A sustentabilidade segundo a Bíblia, por Gianfranco Ravasi
«Sendo criados pelo mesmo Pai, estamos unidos por laços invisíveis e formamos uma espécie de família universal, uma comunhão sublime que nos impele a um respeito sagrado, amoroso e humilde» (papa Francisco, “Laudato si’”, 89).
Mesmos os cientistas, do seu ponto de vista – muitas vezes não escutados pelos políticos e desmentidos por comportamentos quotidianos dos cidadãos – reiteram que estamos no interior de um único e grandioso ecossistema, que o químico britânico James Lovelock denominou com o termo de matriz grega Gaia, a Terra, considerada como um único organismo vivo.

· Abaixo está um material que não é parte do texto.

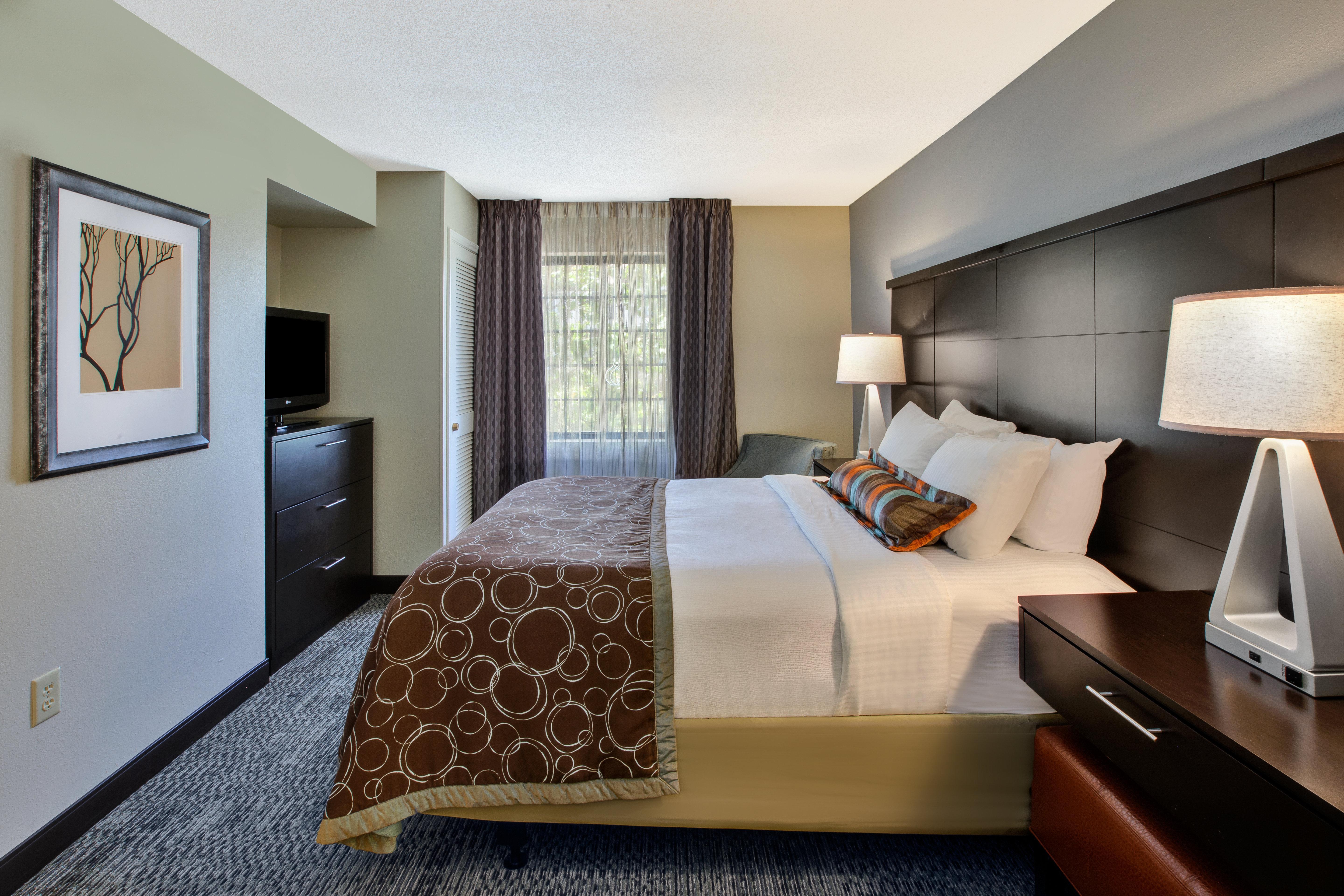 Staybridge Suites Louisville - East By Ihg Kültér fotó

Não é por acaso que o termo “natura” deriva do verbo “nascer”, evocando algo de vivente, e é sugestivo recordar que, sempre na língua do classicismo grego e do Novo Testamento, o vocábulo “physis” (que gerou o nosso “física”) descende do verbo “phyein”, que significa “respirar”.

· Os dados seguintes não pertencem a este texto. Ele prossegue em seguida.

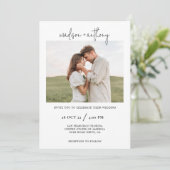 Einfache, stilvolle Schrift mit Foto Wedding Einladung (Stehend Vorderseite)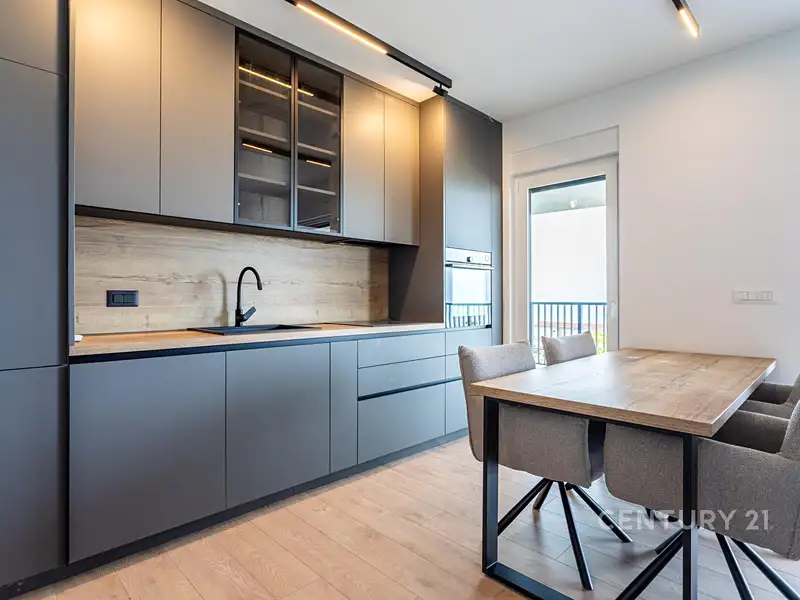 Prodej bytu 3+1 86 m², Makarska – náhled fotky 1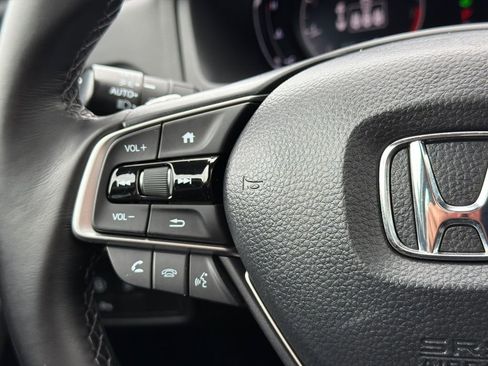 Used 2022 Honda Accord Touring image 20
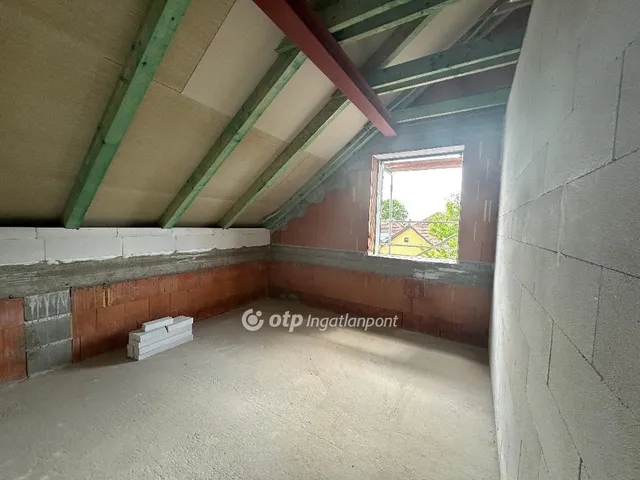 Eladó lakás Balmazújváros 98 nm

Infelizmente, são muitos os atentados que a civilização contemporânea comete contra esta unidade admirável, na qual «há sempre alguma coisa de maravilhoso», como afirmava já no século IV a.C. Aristóteles, o célebre filósofo grego. Também o sábio bíblico do II século a.C., dito Sirácida, escrevia: «Quanto são amáveis todas as obras do Criador! E delas apenas uma centelha se pode observar… Todas as coisas são duas a duas, uma diante da outra, Ele nada fez de incompleto» (42,22.24).
«O mundo é um belo livro, mas de pouco serve a quem não sabe lê-lo», escreveu o comediógrafo setecentista Carlo Goldoni. E a admiração que se experimenta ao folhear as suas páginas não floresce só ao contemplar o cosmo, mas também o microcosmo (pensemos apenas em quanto a ciência descobriu no interior das partículas mínimas da matéria.

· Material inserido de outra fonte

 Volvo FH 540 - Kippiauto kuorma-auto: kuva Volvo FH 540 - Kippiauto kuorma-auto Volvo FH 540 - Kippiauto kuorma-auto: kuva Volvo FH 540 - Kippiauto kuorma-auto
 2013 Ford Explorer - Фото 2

Há uma palavra que enche as bocas, mas deixa indiferente as mãos e, portanto, o empenho das pessoas: sustentabilidade. Obviamente o termo equivalente não existe das Sagradas Escrituras, mas o conceito está presente e foi desenvolvido pela própria tradição cristã. No interior da “Laudato si’” ressoa pelo menos uma dúzia de vezes. A Palavra de Deus condena repetidamente a exploração insensata e egoísta dos bens que Deus destinou universalmente à humanidade.
Esses bens são açambarcados só por alguns poucos ou desperdiçados insensatamente: pense-se na dispersão da água, ou na fome do mundo quando um terço dos alimentos é objeto de descarte, ou no fenómeno do denominado “overshoot”, através do qual se começam a consumir produtos e energias terrerstres destinados ao ano seguinte já nos primeiros meses do ano anterior, com um excesso que ignora o futuro.
Na parábola do rico que se banqueteia até à náusea e do pobre Lázaro que se tem de contentar com os restos lançados fora (cf. Lucas 16,19-31) está a síntese simbólica deste drama.